An investigator initiated study (IIS) is a clinical trial of a device that is sponsored by an independent researcher, rather than the manufacturer of the device. The clinical data generated by investigator initiated studies can be incredibly valuable to the manufacturers of the device, but unfortunately, not all of the data that comes out of IIS are suitable to be used for clinical evaluation.
Notified bodies have been very clear on this point: if you want to use data from IIS, you must be able to demonstrate that the study has generated high-quality data that was collected and managed in a compliant manner. That means compliance with Good Clinical Practice (GCP) and data privacy regulations like the EU’s General Data Protection Regulation (GDPR).
The main problem that device manufacturers run into with investigator initiated studies is that the investigators typically do not have the same level of experience as a Clinical Affairs professional. And that lack of experience often leads them to make mistakes with data collection that lead to potentially great clinical data being rendered unusable in the eyes of Notified Bodies.
So, let’s walk through three of the most common problems with clinical data collection during investigator initiated studies. At the end of each section, I’m going to link to a free, customizable template that you can offer to investigators pursuing IIS with your device. These templates will help them avoid these problems without interfering in the study.
In Clinical Affairs, “consent” typically refers to the informed consent that individuals must give before participating in the study. And while informed consent is an important part of collecting good clinical data, it’s not the only type of consent that investigators need to obtain.
Under EU GDPR, individuals must consent to the sharing of their data with third parties. That consent must be:
If you’re a device manufacturer hoping to get clinical data from an investigator initiated study, data consent is paramount. If it’s done incorrectly, or not done at all, you will not be able to access that clinical data. There have been cases where studies went on for two or three years, with hundreds of participants, and the manufacturer ended up with no access to the data—simply because the patients never signed off on sharing their data with a third party.
The issues here usually stem from the fact that independent researchers don’t always have legal counsel they can consult with before the study starts. They’re often relying on previous documentation, copying and pasting what someone else has done.
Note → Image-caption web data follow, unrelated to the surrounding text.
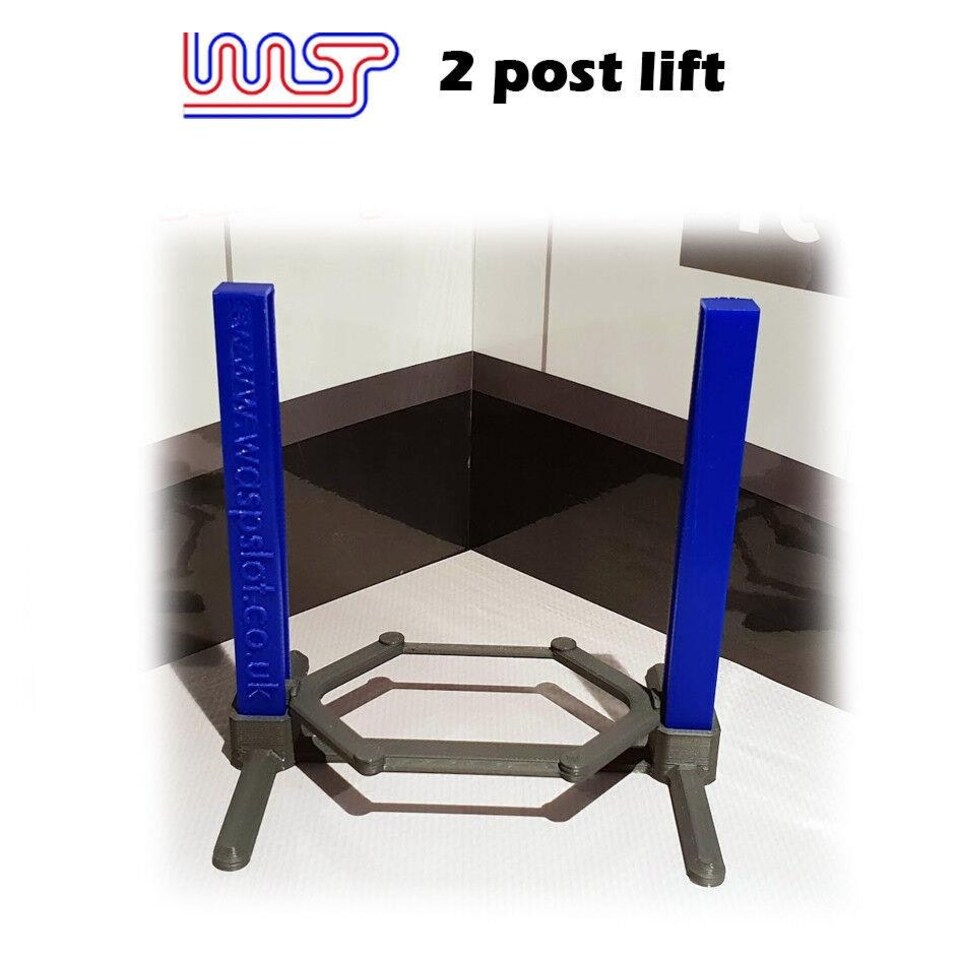 image 1 of Slot Car Garage Pit Scenery Post Lift Blue 1:32 Scale Slot Car Track Scenery Wasp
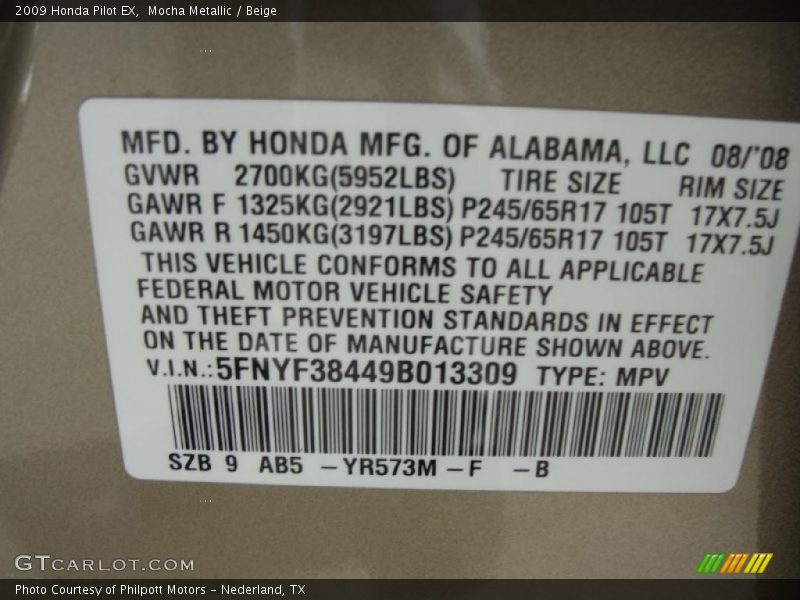 Mocha Metallic / Beige 2009 Honda Pilot EX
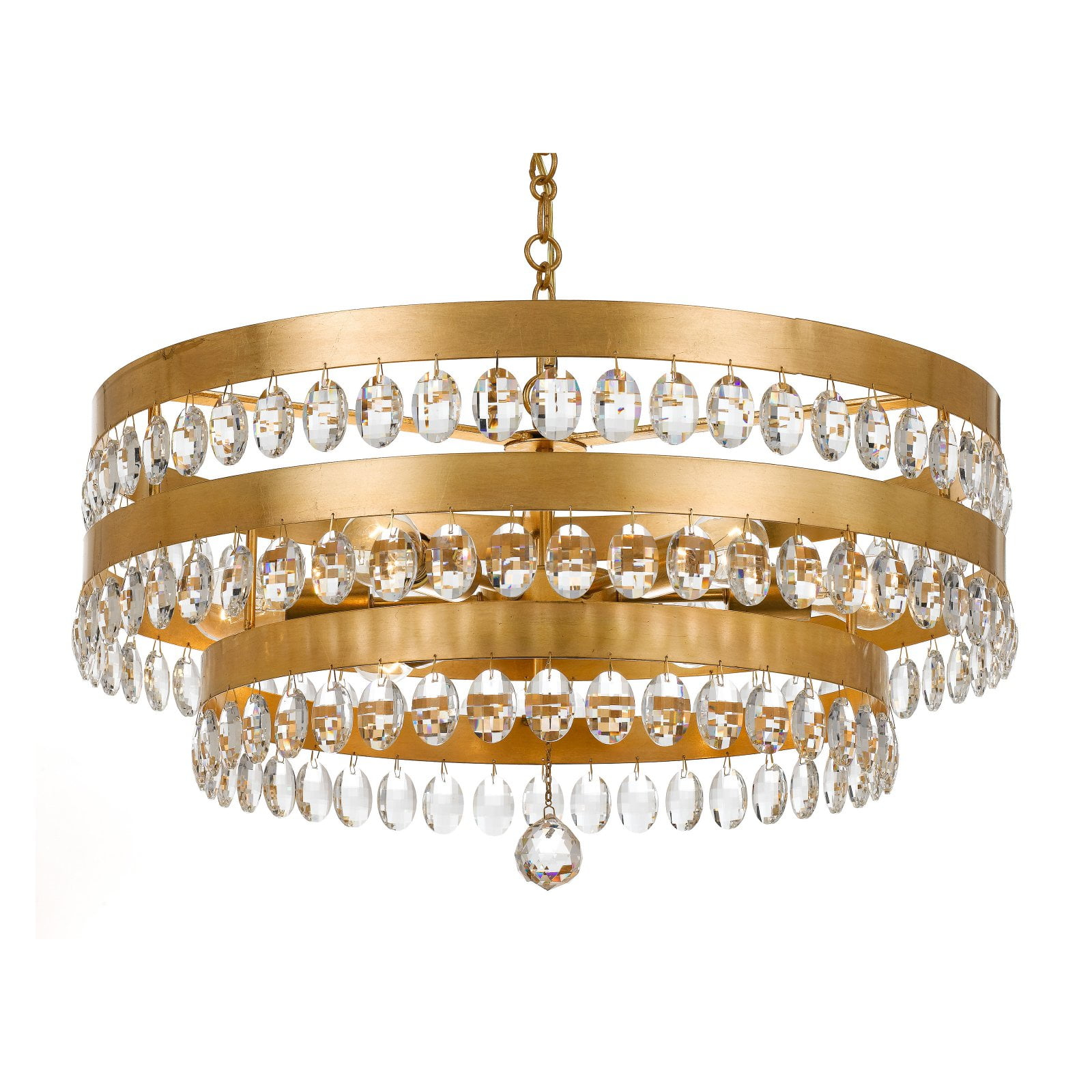 Six Light Chandelier In Classic Style 26 Inches Wide By 14.25 Inches High-Antique Gold Finish    -Traditional Installation Crystorama Lighting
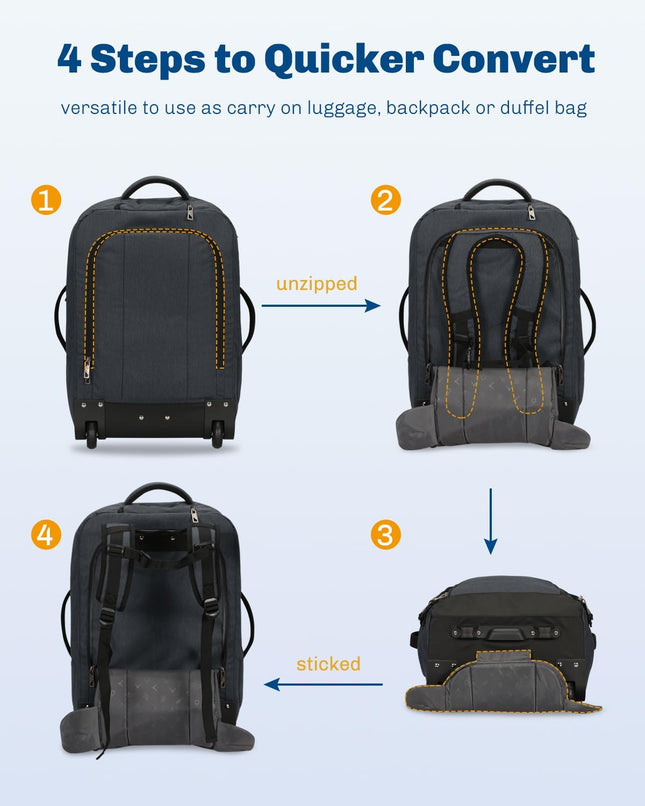 Hynes Eagle 2 in 1 Travel Backpack 22 inches Carry on Luggage 63L Rolling Backpa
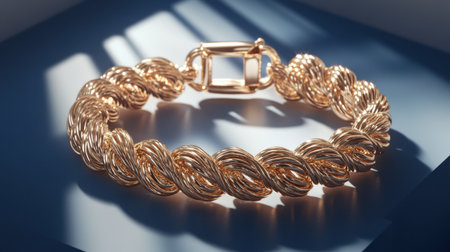 This exquisite gold rope chain bracelet features a stunning twisted design and stylish clasp, showcasing elegant craftsmanship on a sleek surface.の素材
That leads to issues like the mixing of informed consent and data consent into one form, for example.
This is why it’s crucial to offer investigators support and guidance to ensure that data consent is being given in addition to informed consent.
The free resource below is a consent template. It will help IIS researchers address what data they’re collecting, what data patients will share with investigators, and how it’s being processed and managed, as well as the subjects’ rights regarding their data.
(Still, as we mention in the template, please seek legal advice before using it.)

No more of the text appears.